Wang Ruoning, Luo Wenjing, Liu Zifeng, Liu Weilong, Liu Chunxin, Liu Xun, Zhu He, Li Rui, Song Jiafang, Hu Xueqiang, Han Sheng, Qiu Wei
Department of Continuing Medical Education, Peking University Health Science Center, Beijing, China.
Department of Neurology, The Third Affiliated Hospital of Sun Yat-Sen University, Guangzhou, China.
Mult Scler Relat Disord. 2021 Jan;47:102632. doi: 10.1016/j.msard.2020.102632. Epub 2020 Nov 18.
Delayed multiple sclerosis (MS) diagnoses are not uncommon, an early diagnostic tool is urgently warranted. We aimed to develop an effective tool through electronic health records and machine learning techniques to early recognize MS patients from hospital visitors in China.
Two case sets were collected from January 2016 to December 2018. The training set had 239 MS and 1142 controls, and the test set had 23 MS and 92 controls. The utility of Extreme Gradient Boosting (XGBoost), Random Forest (RF), Naive Bayes, K-nearest-neighbor (KNN) and Support Vector Machine (SVM) in early diagnosis of MS was evaluated by the area under curve of receiver operating characteristic, precision, recall, specificity, accuracy and F1 score.
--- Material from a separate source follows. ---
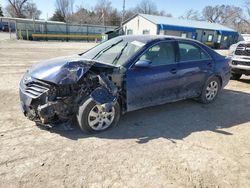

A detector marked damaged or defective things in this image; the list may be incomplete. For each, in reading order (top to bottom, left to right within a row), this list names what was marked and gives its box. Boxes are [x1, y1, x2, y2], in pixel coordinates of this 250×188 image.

The XGBoost performed the best and was used to generate the results. Thirty-four variables which were highly relevant to MS diagnosis were set for the XGBoost model, and their relative importance with MS were ranked. The training set recall was 0.632, with a precision of 0.576, and the test set recall was 0.609, with a precision of 0.609. Our study found that 61%, 51%, and 49% of the patients could be diagnosed with MS, 1, 2, and 3 years earlier than their real diagnostic time point, respectively.
A diagnostic tool for early MS recognition based on the XGBoost model and electronic health records were developed to help reduce diagnostic delays in MS.
多发性硬化症(MS)延迟诊断并不罕见,迫切需要一种早期诊断工具。我们旨在通过电子健康记录和机器学习技术开发一种有效工具,以便在中国从医院就诊者中早期识别MS患者。
收集了2016年1月至2018年12月的两组病例。训练集有239例MS患者和1142例对照,测试集有23例MS患者和92例对照。通过受试者操作特征曲线下面积、精度、召回率、特异性、准确性和F1分数评估极端梯度提升(XGBoost)、随机森林(RF)、朴素贝叶斯、K近邻(KNN)和支持向量机(SVM)在MS早期诊断中的效用。
XGBoost表现最佳并用于生成结果。为XGBoost模型设置了34个与MS诊断高度相关的变量,并对它们与MS的相对重要性进行了排名。训练集召回率为0.632,精度为0.576,测试集召回率为0.609,精度为0.609。我们的研究发现,分别有61%、51%和49%的患者可以在比实际诊断时间点早1年、2年和3年时被诊断为MS。
开发了一种基于XGBoost模型和电子健康记录的MS早期识别诊断工具,以帮助减少MS的诊断延迟。